--- Task input ---
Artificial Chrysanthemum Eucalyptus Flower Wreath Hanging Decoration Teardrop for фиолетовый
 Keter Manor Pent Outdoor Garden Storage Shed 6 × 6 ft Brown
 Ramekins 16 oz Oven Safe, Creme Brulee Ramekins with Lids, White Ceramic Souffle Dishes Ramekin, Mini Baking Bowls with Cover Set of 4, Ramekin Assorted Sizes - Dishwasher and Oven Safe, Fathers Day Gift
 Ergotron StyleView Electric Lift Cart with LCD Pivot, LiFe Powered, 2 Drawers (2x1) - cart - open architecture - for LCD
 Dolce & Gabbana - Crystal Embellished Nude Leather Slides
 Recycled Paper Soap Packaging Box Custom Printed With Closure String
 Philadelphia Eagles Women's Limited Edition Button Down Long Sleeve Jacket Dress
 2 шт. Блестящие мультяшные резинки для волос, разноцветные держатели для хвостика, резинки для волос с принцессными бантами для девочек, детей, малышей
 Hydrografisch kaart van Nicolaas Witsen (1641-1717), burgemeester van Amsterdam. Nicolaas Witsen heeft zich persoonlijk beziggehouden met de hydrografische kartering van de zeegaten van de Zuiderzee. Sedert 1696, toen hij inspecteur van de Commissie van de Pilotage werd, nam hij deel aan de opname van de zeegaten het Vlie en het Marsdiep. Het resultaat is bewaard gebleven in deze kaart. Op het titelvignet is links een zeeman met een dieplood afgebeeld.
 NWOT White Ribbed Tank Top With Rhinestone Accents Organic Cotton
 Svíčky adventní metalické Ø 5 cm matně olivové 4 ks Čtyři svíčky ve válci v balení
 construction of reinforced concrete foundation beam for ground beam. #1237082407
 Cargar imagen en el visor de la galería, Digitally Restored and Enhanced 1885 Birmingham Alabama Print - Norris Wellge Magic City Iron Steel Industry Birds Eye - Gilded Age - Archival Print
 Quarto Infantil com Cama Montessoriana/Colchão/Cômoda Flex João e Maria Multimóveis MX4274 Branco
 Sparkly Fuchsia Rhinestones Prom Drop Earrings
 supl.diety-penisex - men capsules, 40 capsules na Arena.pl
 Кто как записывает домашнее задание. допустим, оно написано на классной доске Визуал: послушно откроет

--- What needs to be done ---
Copy exactly the lines above, starting at the opening line and finishing at the line in which "Recycled Paper Soap" occurs.

--- Task result ---
Artificial Chrysanthemum Eucalyptus Flower Wreath Hanging Decoration Teardrop for фиолетовый
 Keter Manor Pent Outdoor Garden Storage Shed 6 × 6 ft Brown
 Ramekins 16 oz Oven Safe, Creme Brulee Ramekins with Lids, White Ceramic Souffle Dishes Ramekin, Mini Baking Bowls with Cover Set of 4, Ramekin Assorted Sizes - Dishwasher and Oven Safe, Fathers Day Gift
 Ergotron StyleView Electric Lift Cart with LCD Pivot, LiFe Powered, 2 Drawers (2x1) - cart - open architecture - for LCD
 Dolce & Gabbana - Crystal Embellished Nude Leather Slides
 Recycled Paper Soap Packaging Box Custom Printed With Closure String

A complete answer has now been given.